▶ TO DO
Here the job is to print only the lines from the one containing "Brynwood Apartments — Photo 59" to the end of the entries, both included, exactly as they stand, with pictures excluded.

▶ Brief descriptive captions
☆ ☆ ☆ ☆

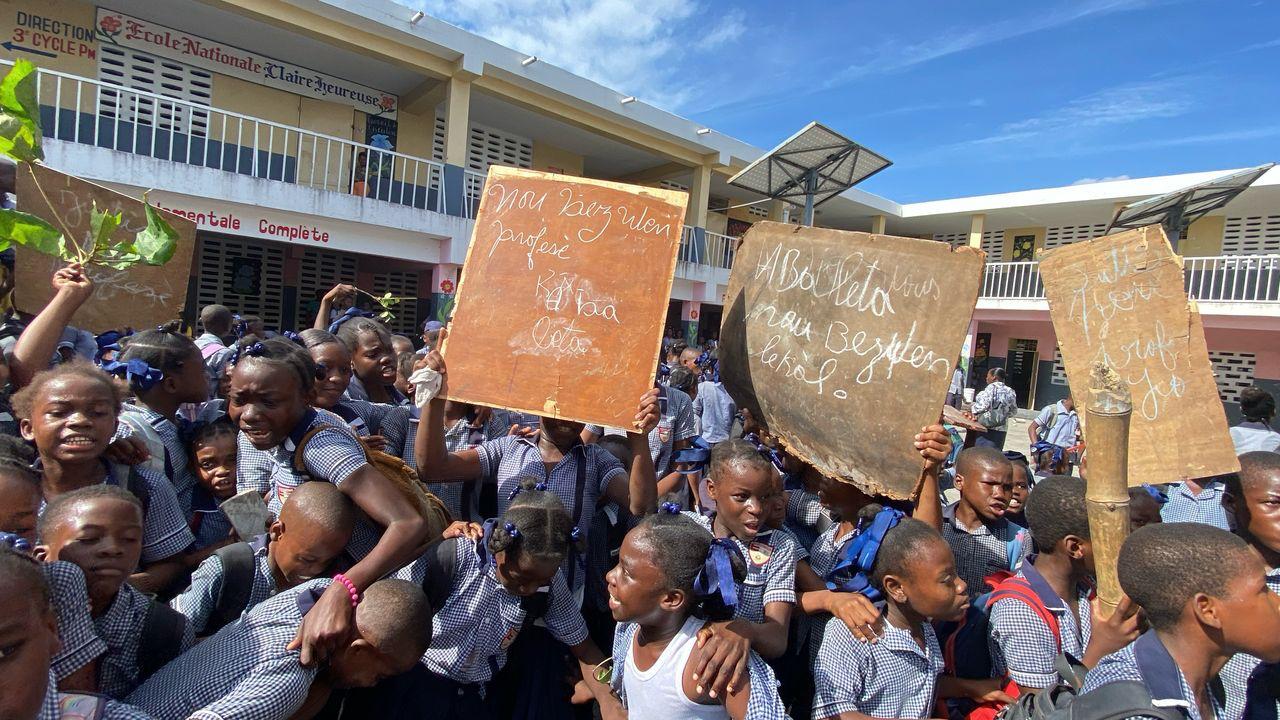 Cayes : Les écoliers réclament le retour des professeurs dans les salles de classe après trois mois d'absence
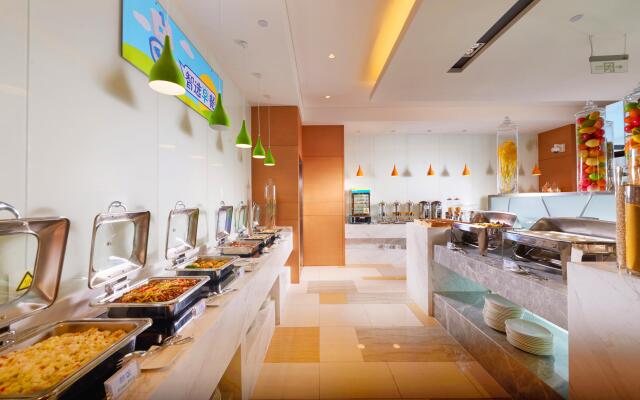 Holiday Inn Express Shanghai Jiading Industry Park by IHG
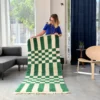 Alfombra verde diseño ajedrez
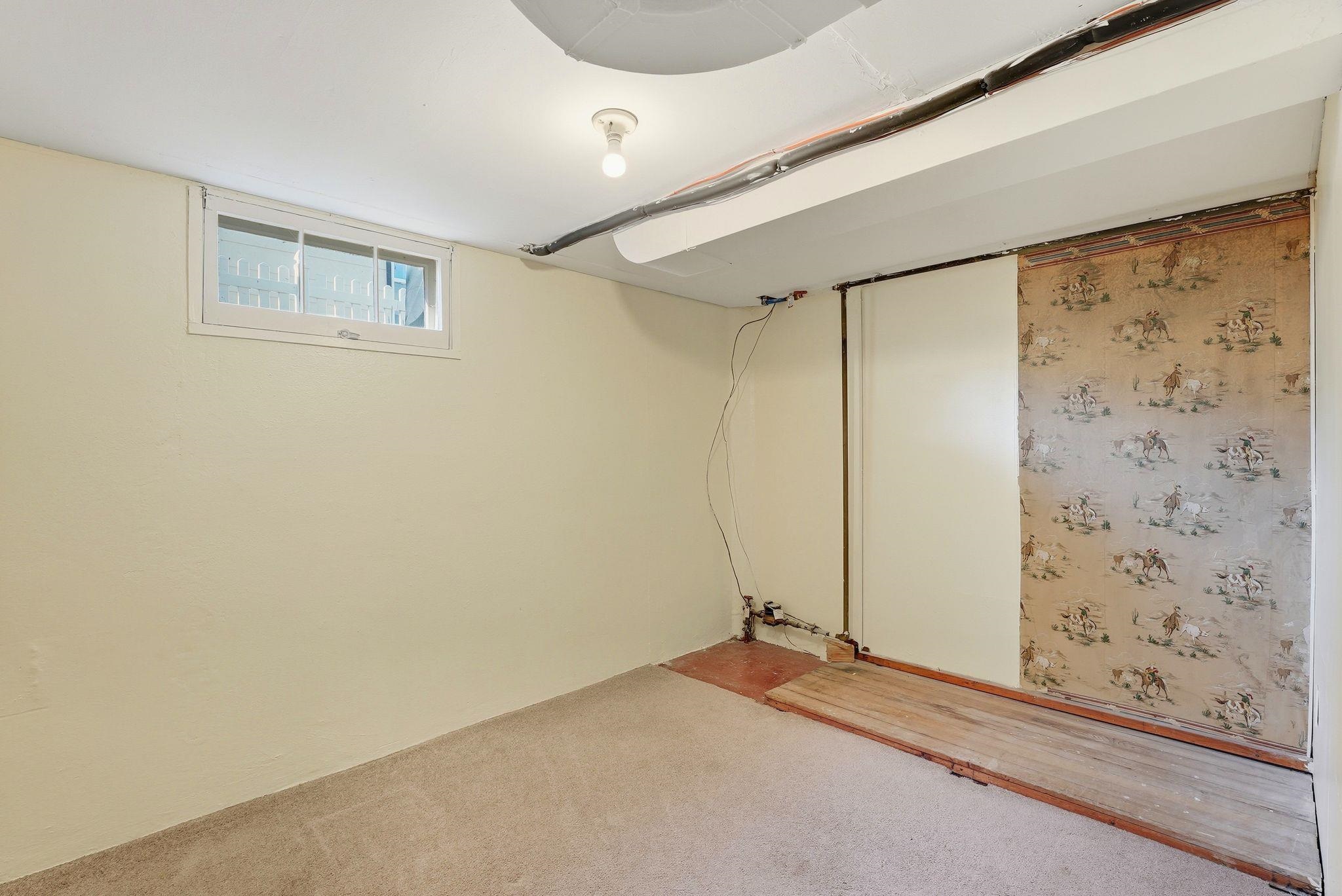 2521 W Walton Ave - Photo 18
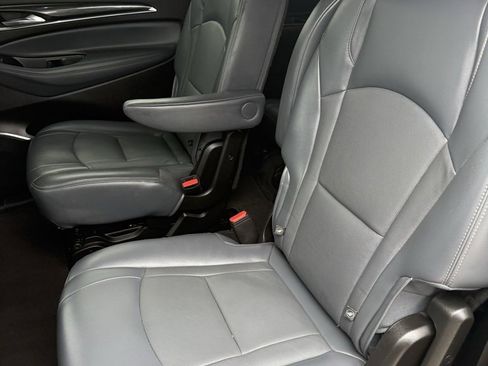 Used 2022 Buick Enclave Premium image 6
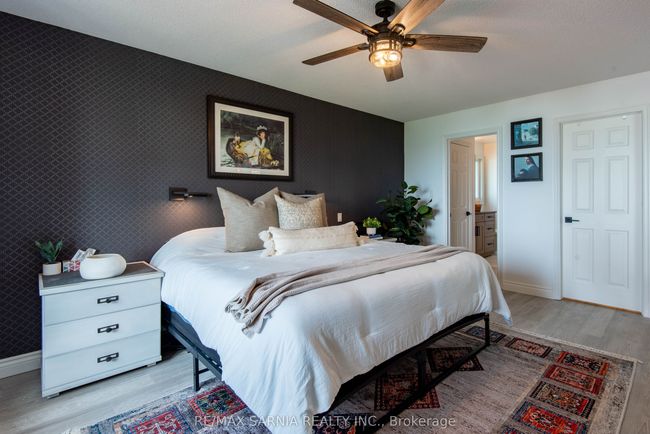 4062 Bluepoint Dr, House other with 3 bedrooms, 3 bathrooms and 4 parking in Town Of Plympton Wyoming ON | Image 24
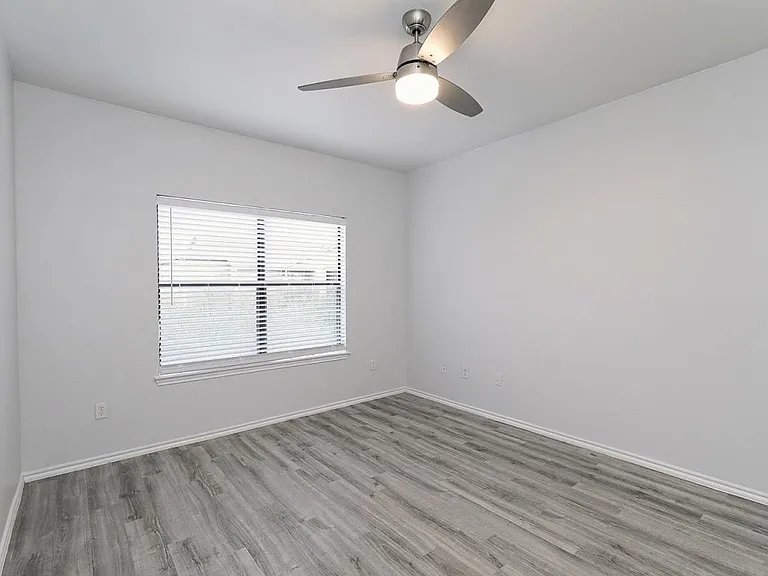 Brynwood Apartments — Photo 59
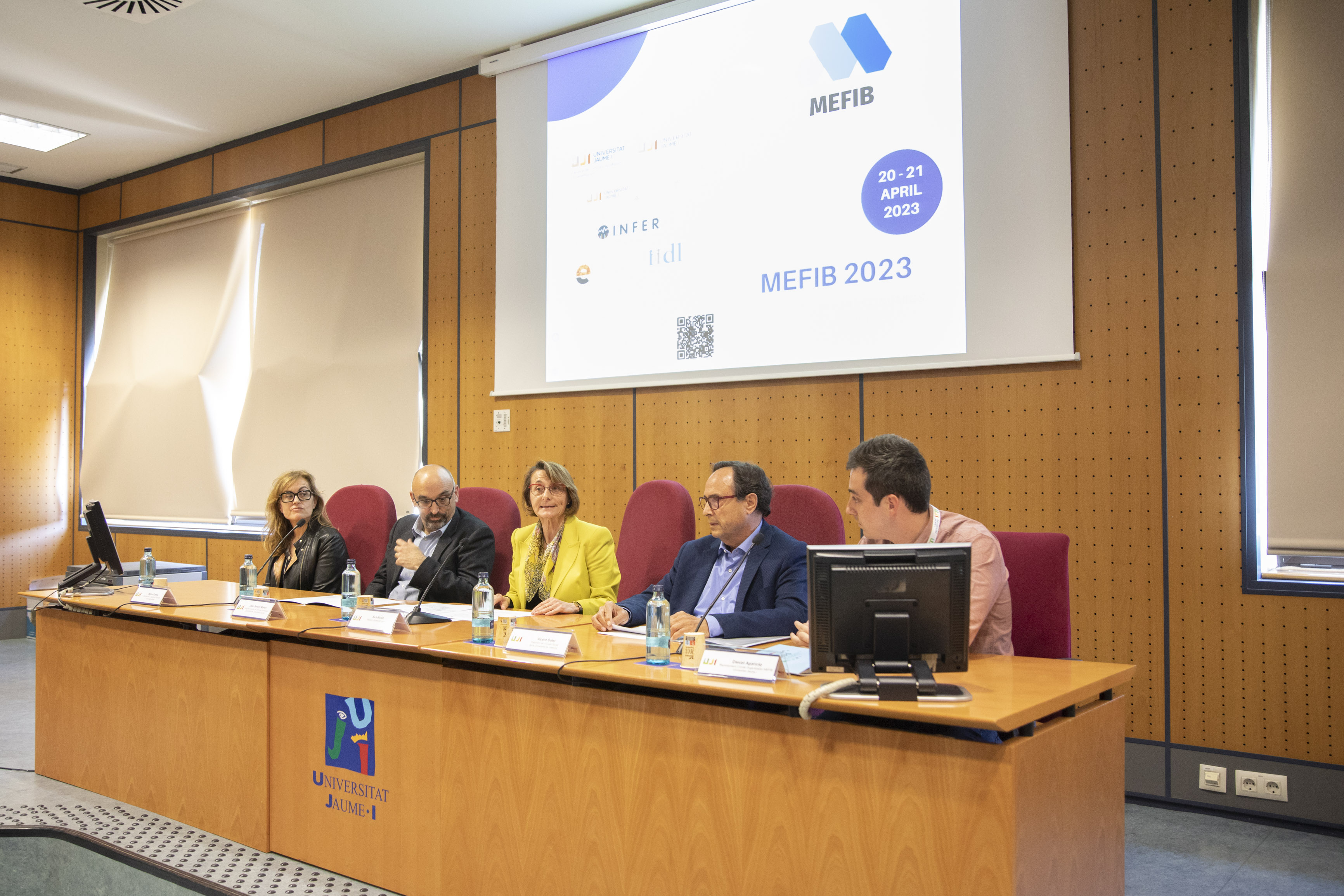 Jóvenes investigadores de siete países se reúnen en la UJI para debatir sobre economía global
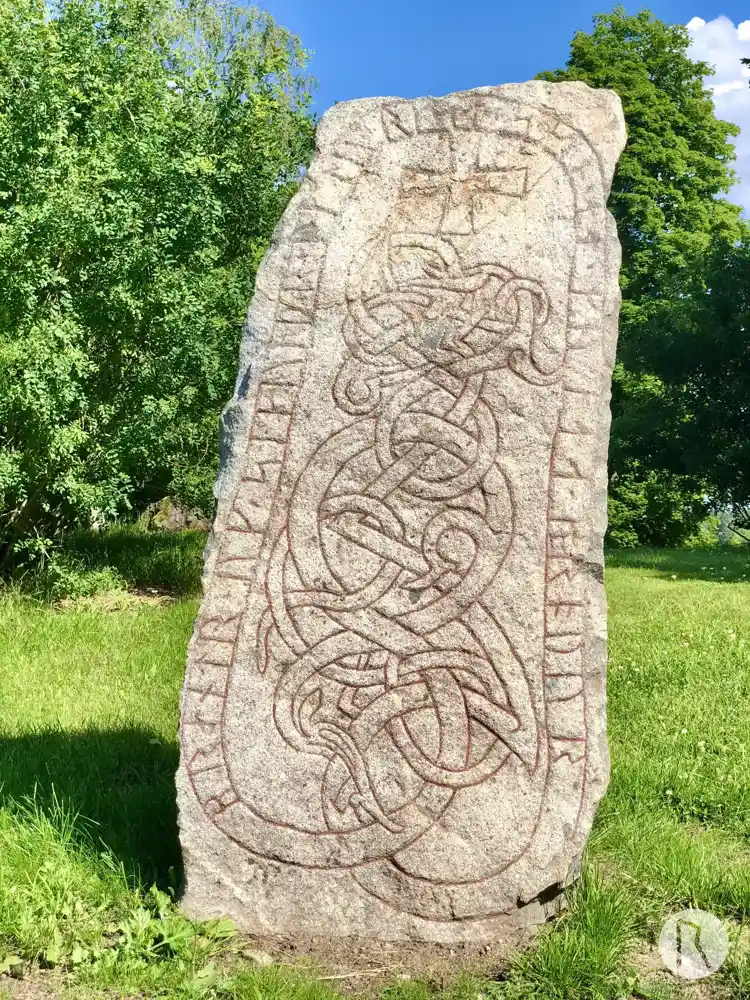 Fotografi av Runsten U1026, L1942:2123 taget av Niklas Vackerdag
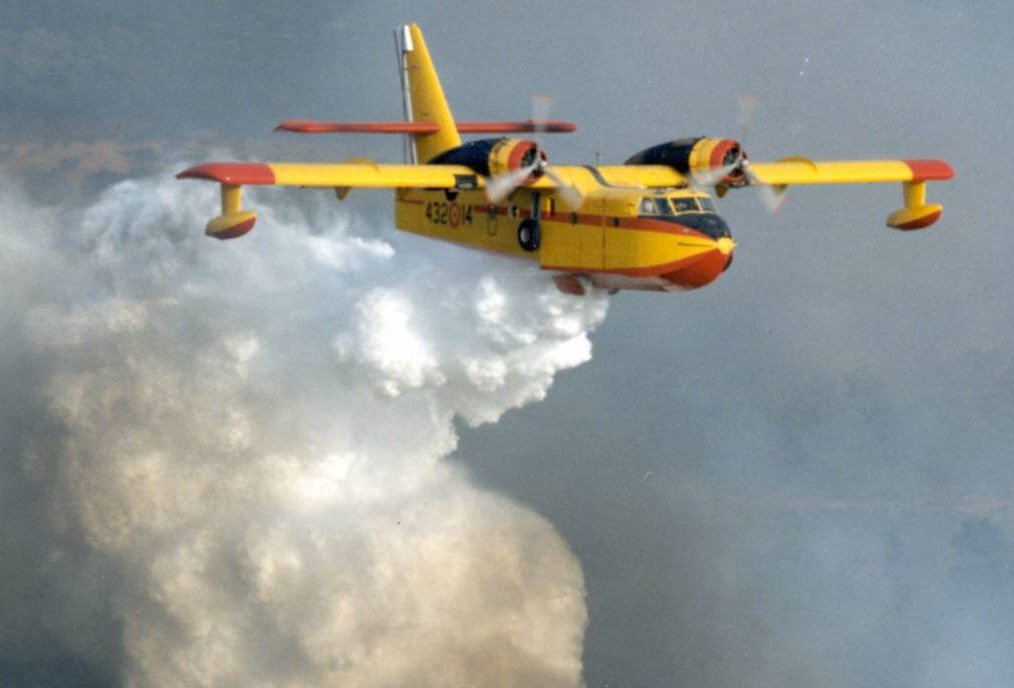 ABD'de 1969'dan önceki yıllarda üretilmiş, piston motorlu 59.959 adet uçak ve helikopter uçuyor.

Belki de THK CL-215 yangın söndürme uçakları o kadar hurda değildir...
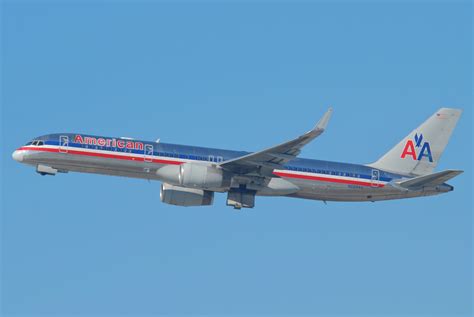 Fileamerican Airlines Boeing 757 223 N689aalax11102011 623ol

☆ ☆ ☆ ☆

▶ ANSWER
 Brynwood Apartments — Photo 59
 Jóvenes investigadores de siete países se reúnen en la UJI para debatir sobre economía global
 Fotografi av Runsten U1026, L1942:2123 taget av Niklas Vackerdag
 ABD'de 1969'dan önceki yıllarda üretilmiş, piston motorlu 59.959 adet uçak ve helikopter uçuyor.

Belki de THK CL-215 yangın söndürme uçakları o kadar hurda değildir...
 Fileamerican Airlines Boeing 757 223 N689aalax11102011 623ol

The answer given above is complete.